» **Available data**
- - - -
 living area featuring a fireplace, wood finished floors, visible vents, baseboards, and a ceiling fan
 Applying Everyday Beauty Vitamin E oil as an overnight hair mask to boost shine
- - - -
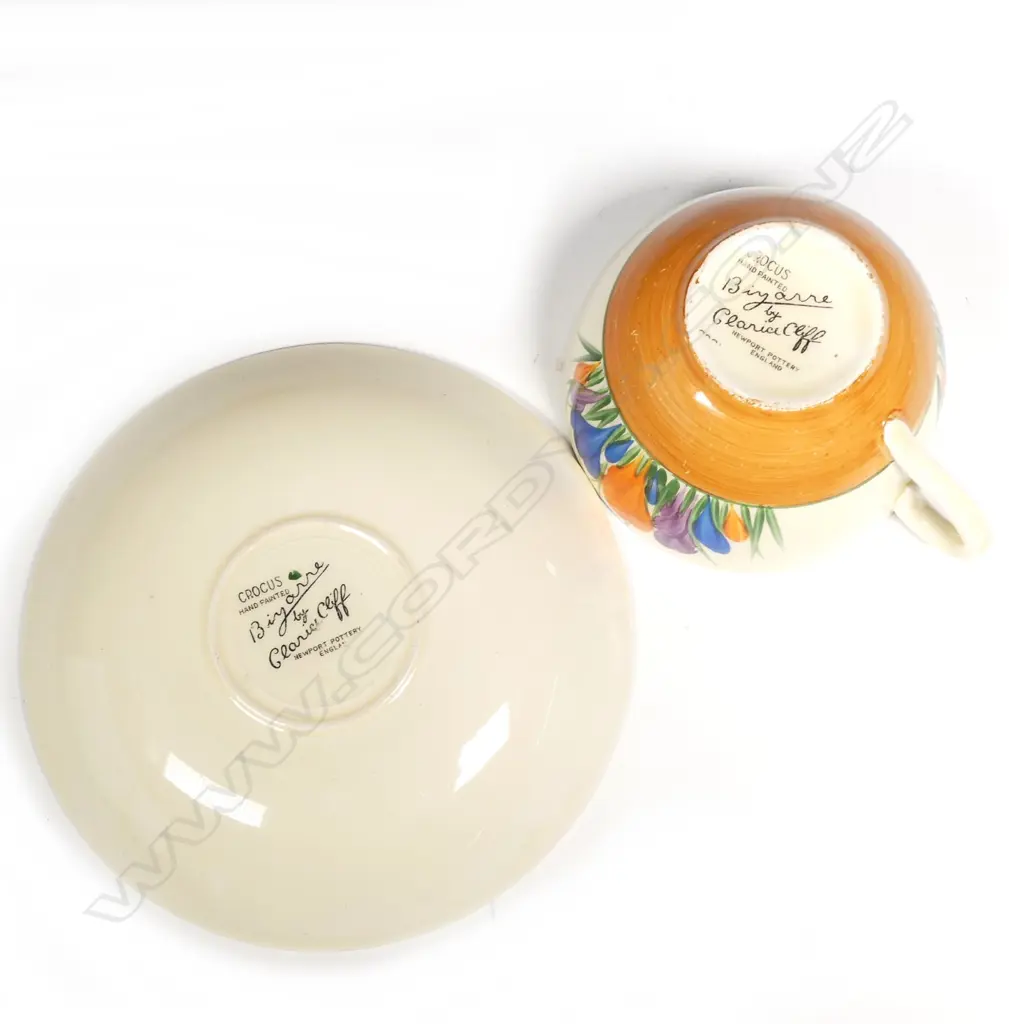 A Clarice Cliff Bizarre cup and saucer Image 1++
- - - -
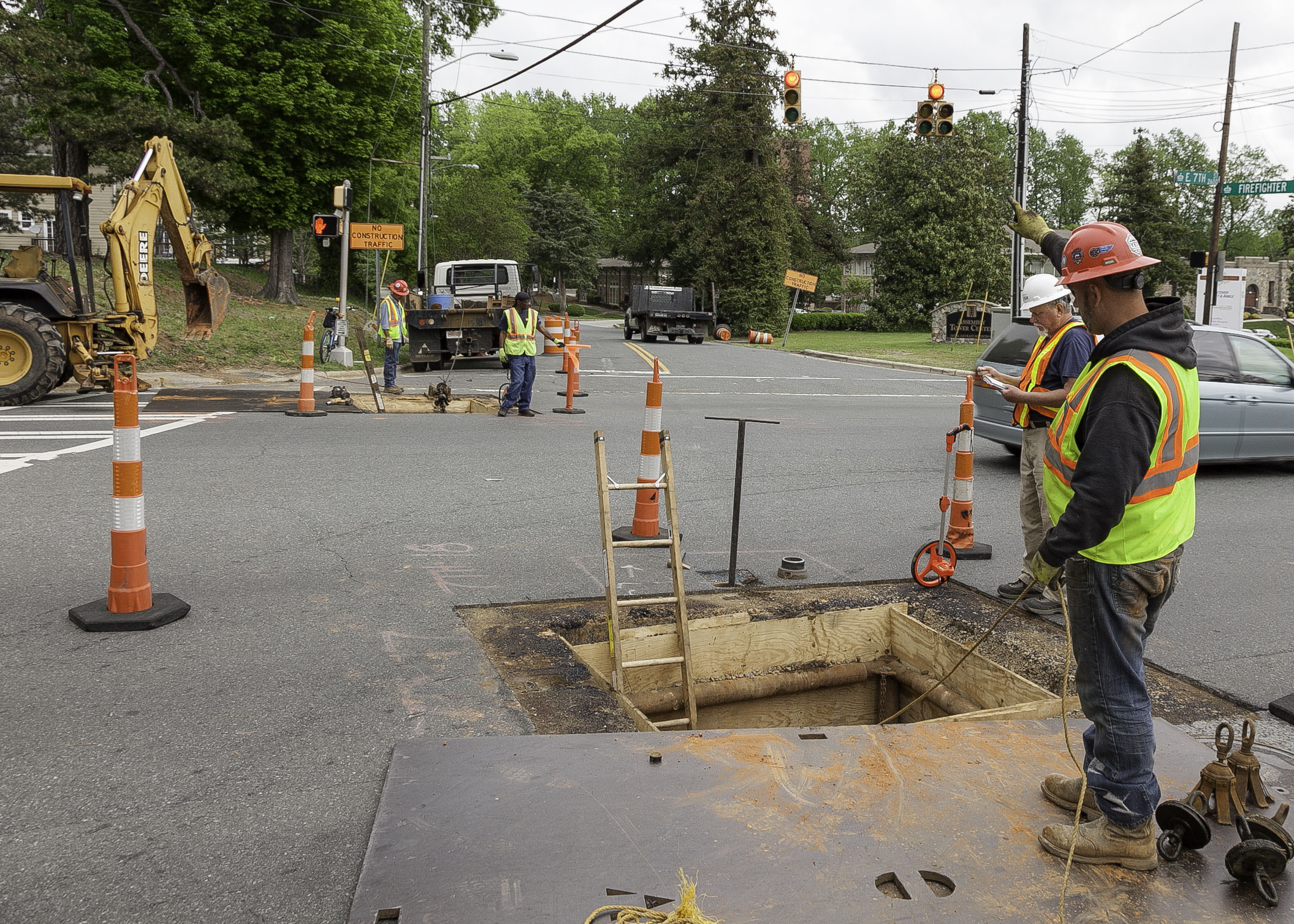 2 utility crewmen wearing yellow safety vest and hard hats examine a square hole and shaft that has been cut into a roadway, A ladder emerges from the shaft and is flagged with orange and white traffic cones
- - - -
What are the lines above, starting at the one with "living area featuring" and ending at the one with "Applying Everyday Beauty"? Give them again exactly, and only them.

» **Task solution**
 living area featuring a fireplace, wood finished floors, visible vents, baseboards, and a ceiling fan
 Applying Everyday Beauty Vitamin E oil as an overnight hair mask to boost shine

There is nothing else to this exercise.